RUSH: That was me on October 18th, 2006 -- from this very studio, from behind this very microphone -- telling you what was going to happen if you sat out the '06 November midterms to show those Republicans a lesson, that you were going to empower Democrats and they're going to make you so mad over the things they try to do, and you're going to be so upset and so frightened of Hillary coming along that you will nominate anybody you think can win -- and I specifically predicted, October 18th, 2006, that not voting in 2006 and not holding the House and not holding the Senate, would lead to the nomination of John McCain. It has happened. Don't doubt me. I want to take this a step further. Now that I have your attention, I want to take this a step further, because McCain is the Republican nominee. It is over. Huckabee is going to stay in. There are five caucuses and primaries this weekend, and Tuesday's a biggie, and he'll stay in to see how he does there, but he's going to have to get out, too. But he's going to do what he can to keep angling for the veep slot. He has no chance of getting the veep slot.

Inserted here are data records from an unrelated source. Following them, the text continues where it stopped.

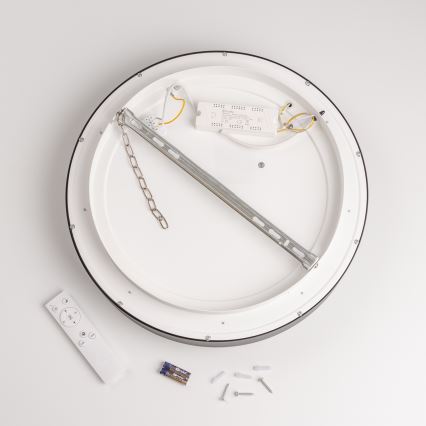 Brilagi - Plafonnier LED dimmable FALCON LED/80W/230V 3000-6500K Ø 60 cm noir + télécommande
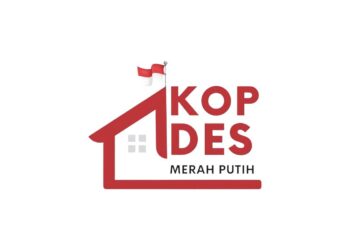 Logo Koperasi Desa/Kelurahan Merah Putih (KDKMP).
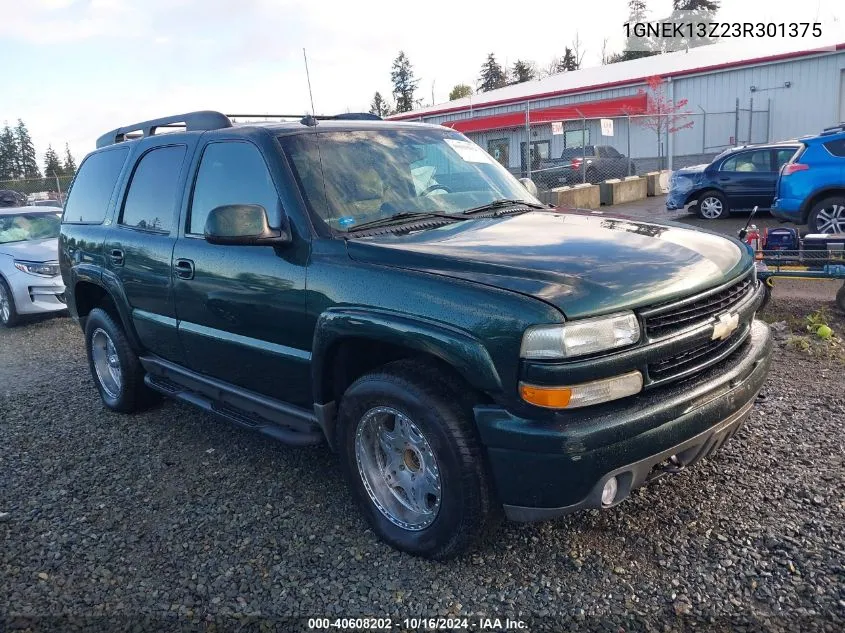 2003 Chevrolet Tahoe Z71 VIN: 1GNEK13Z23R301375 Lot: 40608202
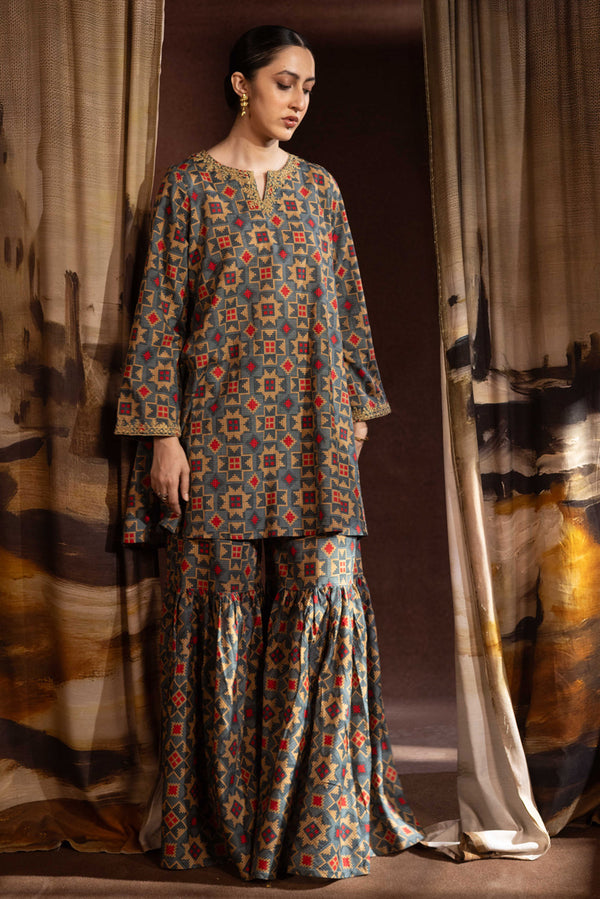 Woven Stories Gharara Set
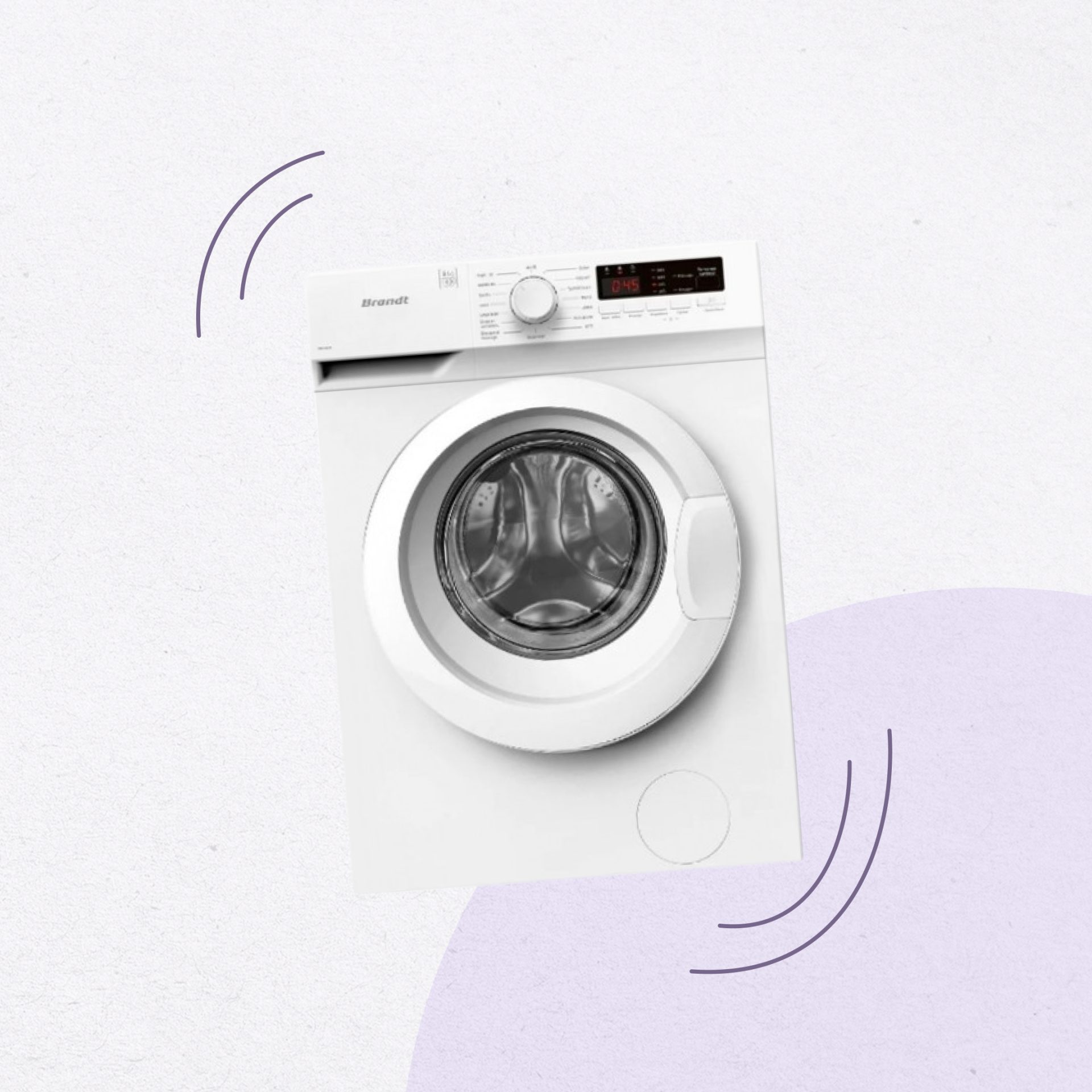 Lave-linge hublot 8kg Brandt WFB181QW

He will soon be thrown under the Straight Talk Express like everyone else that Senator McCain vanquishes. But I want to share with you a story from Congressional Quarterly. This is from yesterday by John Bicknell. He's a Congressional Quarterly columnist. "Picture a President John McCain, next January, making his first appeal to Congress. What might that message entail? Certainly, it will include something about Iraq, and the war on terror, and other elements of national security and defense that will put him at odds with the majority Democrats. But then, the new president will turn his attention to his domestic agenda. And he likely will be facing a Congress with larger majorities of Democrats than it now has. The electoral math all but guarantees Democratic gains in the Senate. The House looks pretty good for them, too. If President McCain wants legislative victories, he will have to turn to those majorities to get them enacted. And he will be happy to do so. That's how McCain has always operated, and there is no reason to believe that if he becomes president, he will operate in any other manner.
"Conservatives who have opposed McCain during the campaign have cited his positions on a range of issues -- immigration, campaign finance, climate change, tax cuts, legal rights for detainees -- where he has sided with Democrats. But the positions McCain has taken are only part of the problem for conservatives. As president, with a Democratic Congress, it is the other part -- the stylistic part -- that will prove to be a much greater problem for conservatives. When McCain has been on the conservative side, as he has been on the vast majority of issues, he gives it full-throated support. He is not afraid of giving offense to appropriators when he sticks up for cutting spending," except voting for the spending, for the stimulus package, "and he has not been shy about deriding Democrats who oppose the war in Iraq, to cite two potent examples. But when he is with the Democrats, he is really with them. McCain is not someone who simply reaches across the aisle to form coalitions with the other side. He walks across the aisle, puts on the other team's uniform and sings the other team's fight song. If he wants to accomplish things -- and every president wants to accomplish things -- he will have to do so on the Democrats' terms. That means his agenda will include those things on which he agrees with the Democratic majorities in the House and Senate: A cap and trade regime for climate change," which is going to be a huge energy cost increase. "Expansion..." You know, the Democrats want to expand McCain-Feingold regulations for campaign finance. McCain will go along. He will not go against his signature issue. "Expanded legal rights for enemy combatants, and probably the closing of Guantanamo." The Democrats want that. McCain agrees with them. That will happen. "Comprehensive immigration overhaul, with a guest worker program and a path to citizenship for the millions of illegal immigrants already in the country."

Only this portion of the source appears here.